While Hungary remains formally within the EU framework, tensions have escalated between Budapest and Brussels over rule-of-law concerns. The European Parliament has triggered Article 7 proceedings against Hungary, citing systemic threats to judicial independence and media freedom. These developments further support the argument that Hungary exhibits characteristics of a delegative or even hybrid regime.
Democratic Restoration
Returning to the original question , what explains Hungary’s democratic backsliding, and how can theory illuminate its causes? we find that a combination of strategic political agency, institutional restructuring, and weakened accountability mechanisms has facilitated the erosion of liberal democratic norms. Schmitter and Karl’s optimism about democracy as an endpoint appears challenged by Hungary’s experience, suggesting that democratization is not inherently irreversible.
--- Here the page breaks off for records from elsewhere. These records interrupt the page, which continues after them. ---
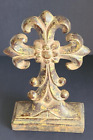 croix ornée ornement or décoratif gothique résine autoportante religieuse
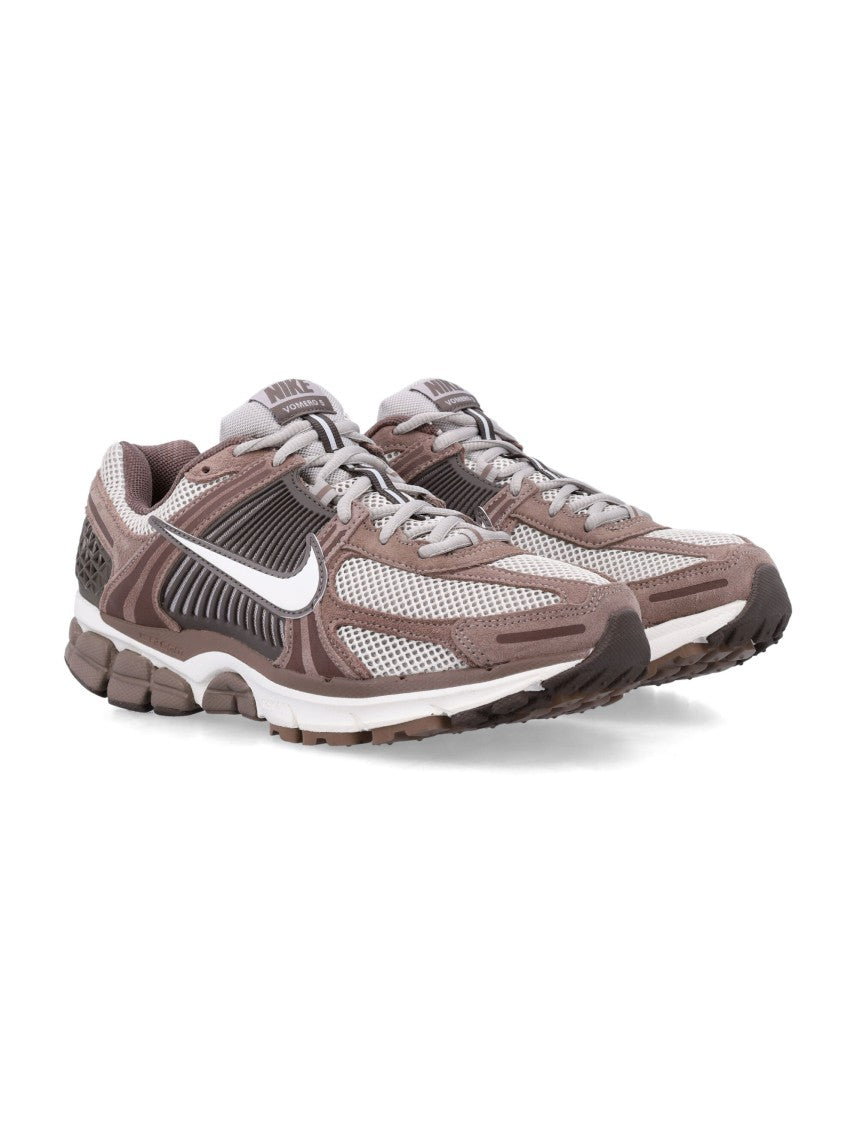 Nike Zoom Vomero 5 Sneakers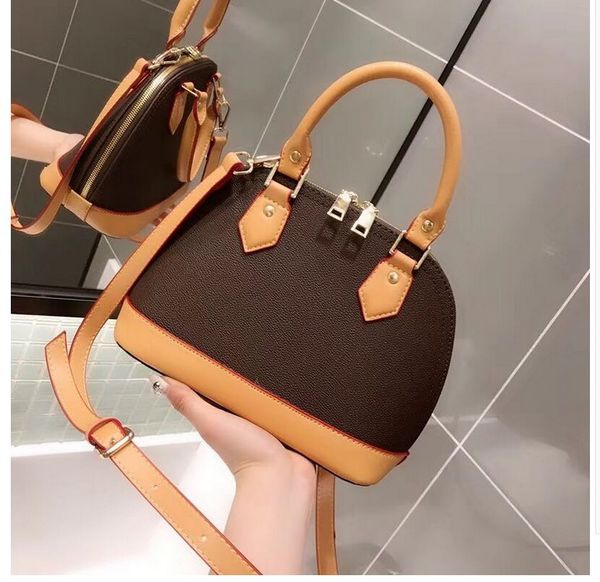 brown flower color classic women's alm bag shell bags portable single shoulder messenger tote versatile casual crossbody size 25cm 32cm
brown flower color classic women's alm bag shell bags portable single shoulder messenger tote versatile casual crossbody size 25cm 32cm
At the same time, theories by Waldner and Lust (2018) and O’Donnell (1994) remind us that democratic erosion often unfolds incrementally and legally, rather than through abrupt authoritarian takeover. Hungary demonstrates that elections alone do not guarantee democratic governance; robust horizontal and vertical accountability are equally essential.
Conclusion
The future of Hungarian democracy may depend on the reestablishment of judicial independence, media pluralism, and competitive electoral conditions. As argued by scholars such as Adam Przeworski and Fernando Limongi (1997), democracy persists not because it is inevitable, but because political actors and citizens continue to defend it. Whether Hungary will experience democratic restoration or further entrenchment of illiberalism remains uncertain. What is clear, however, is that Hungary serves as a critical case study in understanding how democratic systems can erode from within , through ballots, laws, and institutions that once symbolized democratic triumph.